Abstract: At the core of the pursuit of energy and environmental sustainability is the management of carbon and nitrogen cycles to produce high-value carbon-based fuels and nitrogen-based chemicals through new catalytic processes with high efficiency and minimal environmental impact. Electrocatalytic reactions, driven by solar/wind electricity, allow the conversion of CO2, N2, and nitrate, into chemicals and fuels. However, the costs and efficiencies of these reaction schemes need to be substantially improved before the large-scale implementation, which is to a large extent dependent on the understanding and optimization of catalysts in these schemes. Finding electrocatalytic materials with desired properties, i.e., moderate adsorption energies of descriptor species underpinned by the Sabatier principle, is a highly complex, multidimensional optimization process. Due to the ubiquitous adsorption-energy scaling relations that impose limits on attainable catalytic performance, it remains a grand challenge to design highly efficient electrocatalysts beyond such scaling relations. Meanwhile, the structural complexity of heterogeneous catalysts makes the design rule elusive, limiting our capability of developing high-performance catalysts. Well-defined, atomically precise materials allow us to bridge the knowledge gap between conventional single-crystal bulk materials and powder catalysts to achieve new understandings of structure-catalytic property relationships. In this talk, I will discuss our recent progress in developing well-defined catalysts for sustainable chemistry with a specific focus on electrochemical CO2 conversion and nitrate reduction. A new mechanism of breaking adsorption-energy scaling relations through Pauli repulsion that originates from orbital orthogonalization of the metal d-states with frontier orbitals of surface intermediates will be highlighted. Extending the design concept of active sites and their coordination environment to single-atom alloys will also be covered.

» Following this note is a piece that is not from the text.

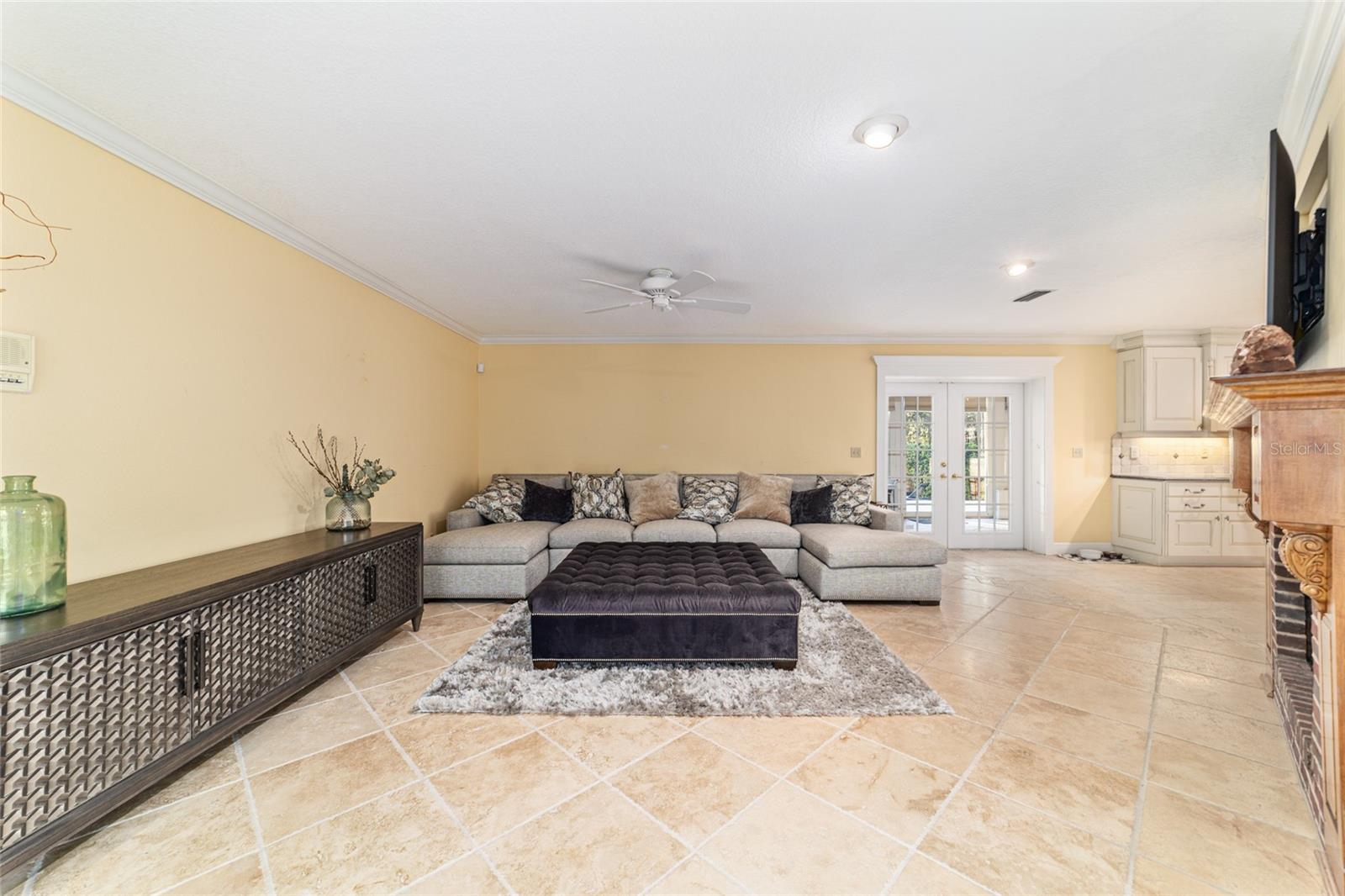 Image 11 of 100 For 9080 19th Avenue Road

Bio: Huiyuan Zhu is an Associate Professor of Chemistry at the University of Virginia (UVA). Before joining UVA, she was an Assistant Professor of Chemical Engineering at Virginia Tech (VT). Her research focuses on tailoring multi-functional nanostructures for catalysis, energy conversion, and chemical transformation. She received her B.S. in Chemistry at the University of Science and Technology in China (2009), and her Ph.D. at Brown University, under the supervision of Prof. Shouheng Sun (2014). From 2014 to 2018, she was one of the inaugural Liane B. Russell Fellows and then a staff scientist in the Chemical Sciences Division at the Oak Ridge National Laboratory. She has received the 2023 Sloan Research Fellowship, 2022 NSF CAREER Award, 2021 Class of Influential Researcher from Industrial and Engineering Chemistry Research, and 2022 Nanoscale Horizons, 2021 Nanoscale Emerging Investigator awards. She is also a recipient of the 2020 Jeffress Trust Award, the 2020 Ralph E Powe Junior Faculty Enhancement Award, the 2020 Doctoral New Investigator Award of the ACS Petroleum Research Foundation, and the 2020 Journal of Materials Chemistry A Emerging Investigator Award.
10:30-11:30 a.m., Remsen Hall 1, refreshments to follow